*** THE RECORDS Section Begins ***

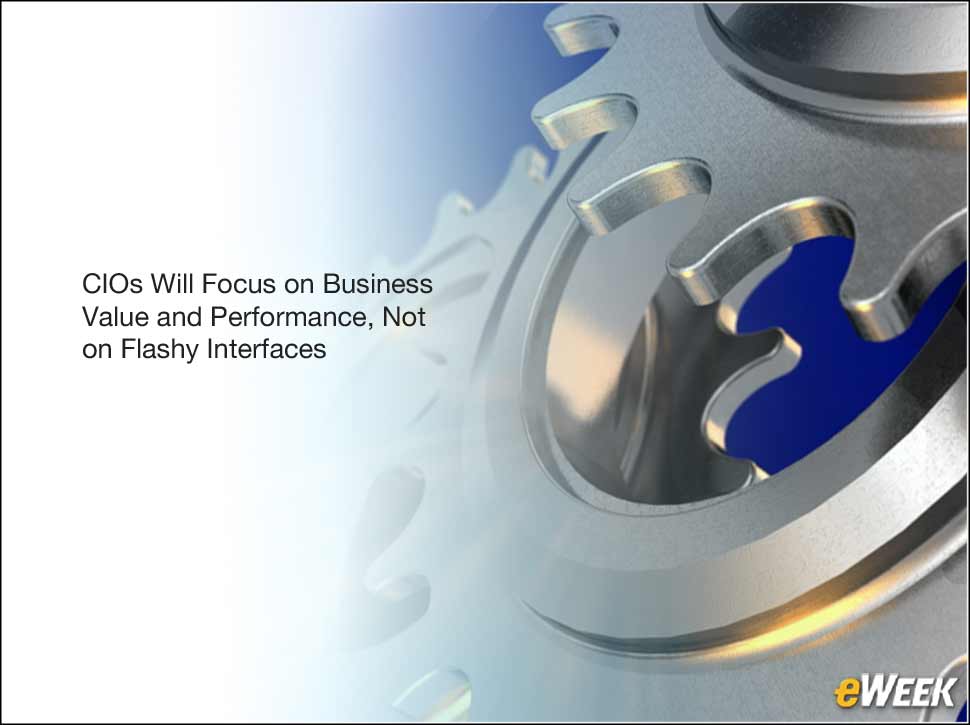 4 - CIOs Won’t Be Fooled by the Bells and Whistles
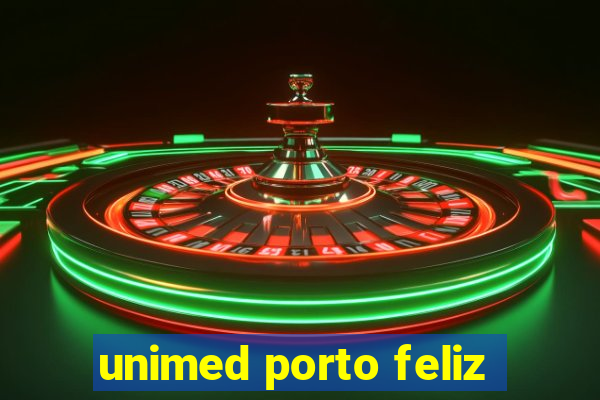 unimed porto feliz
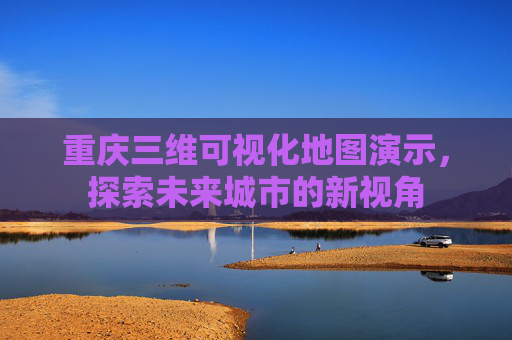 重庆三维可视化地图演示，探索未来城市的新视角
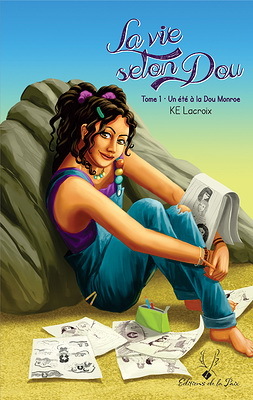 LA VIE SELON DOU V 01 UN ETE A LA DOU MONROE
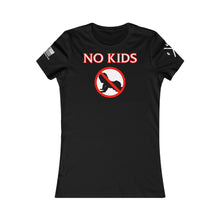 Load image into Gallery viewer, Women&#39;s No Kid&#39;s Tee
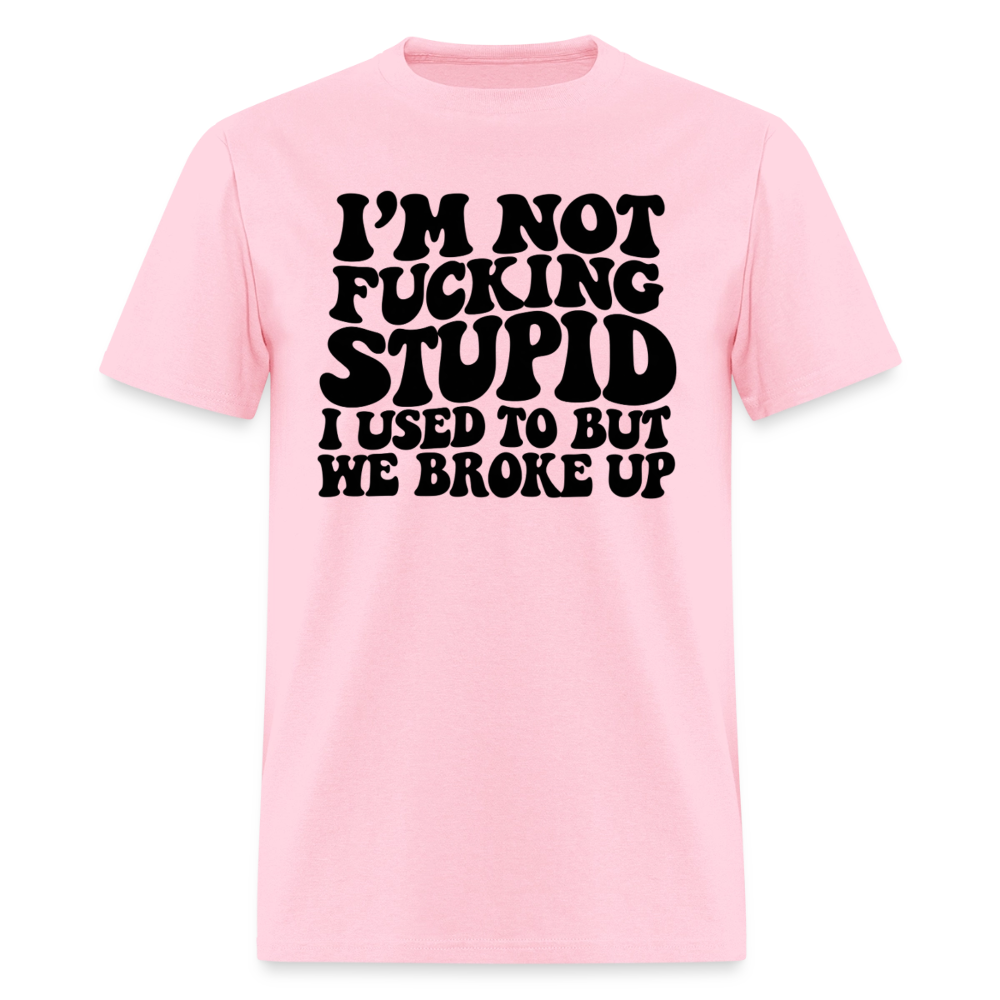 I'm Not Fucking Stupid — We Broke Up T-Shirt - pink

*** THE RECORDS Section Ends ***

= THE TASK =
The entries above are to be printed again word for word, with every picture removed.

= ANSWER TO THIS EXERCISE =
 4 - CIOs Won’t Be Fooled by the Bells and Whistles
 unimed porto feliz
 重庆三维可视化地图演示，探索未来城市的新视角
 LA VIE SELON DOU V 01 UN ETE A LA DOU MONROE
 Load image into Gallery viewer, Women&#39;s No Kid&#39;s Tee
 I'm Not Fucking Stupid — We Broke Up T-Shirt - pink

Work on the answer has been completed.